I built a top bar hive out of an old cedar fence my neighbor tore down; ripped the top bars from some two by fours scraps I had laying about; baited the hive with purée of lemongrass made in the blender with water then painted inside the cavity; rubbed the top bars with some antique batik wax; and in moved a swarm moved. 

Actually two swarms moved in. But the first one was so hot and I was sick with a bad cold. So, I had a local beekeeper taken them away. I believe if I've been thinking straight, I would've kept them. The beekeeper left the hive in disarray, I let him take a half dozen or so bars.
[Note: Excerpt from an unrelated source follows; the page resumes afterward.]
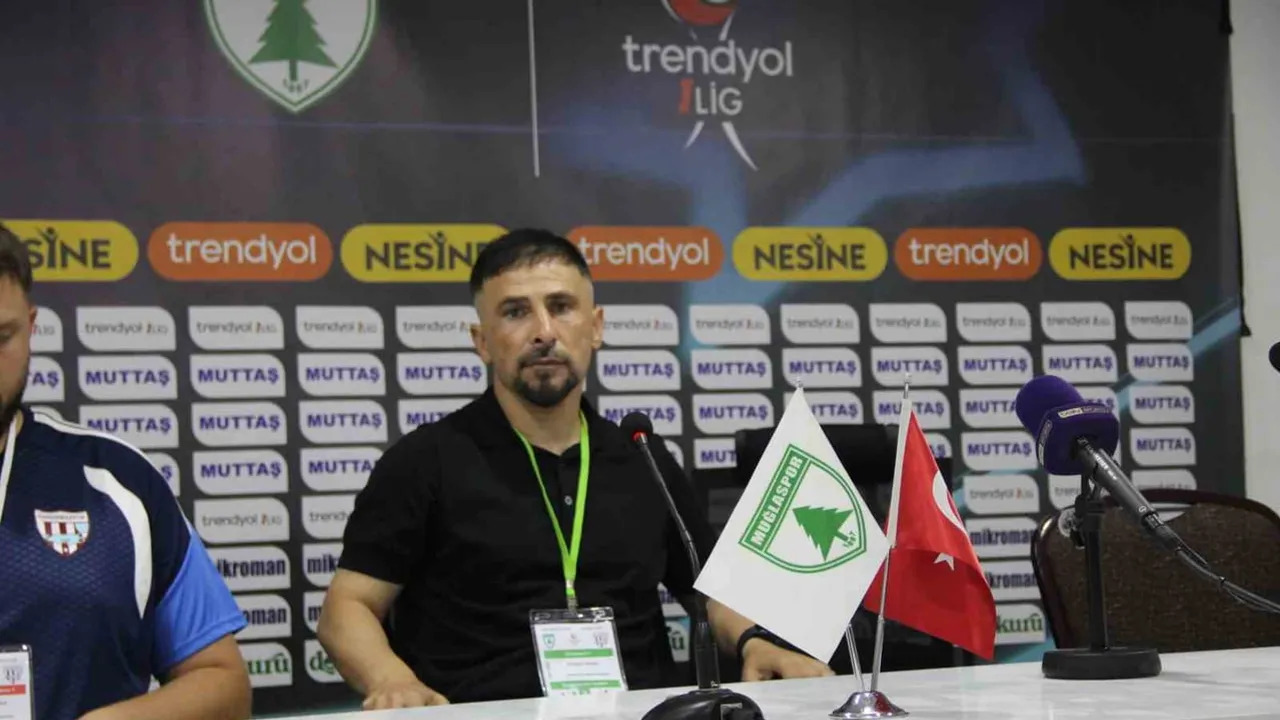 Ertuğrul Arslan: oyundan memnun değilim, daha üretken bir Bandırmaspor hedefliyoruz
No sooner did I put the hive back together when another bunch moved in. That was two weeks ago.

As soon as I finish sewing a bee suit together I'm going to inspect the hive. That's probably this week as I obtained an old drapery sheer and cowboy hat from a local rummage sale.

These are some of the most gentle bees, they let me go right up next to them take to do some digital imaging.
I'm glad I let the hot hive go.

-----------------July
in Mesa, Arizona


----------



## AmericasBeekeeper (Jan 24, 2010)

Welcome! Even Africanized bees will let you up close until they have comb. Comb is home and they will defend it.


----------



## GaryG74 (Apr 9, 2014)

Welcome to BeeSource! Good luck this year.


----------



## Ibeetom (Feb 19, 2016)

Welcome to the forum!


----------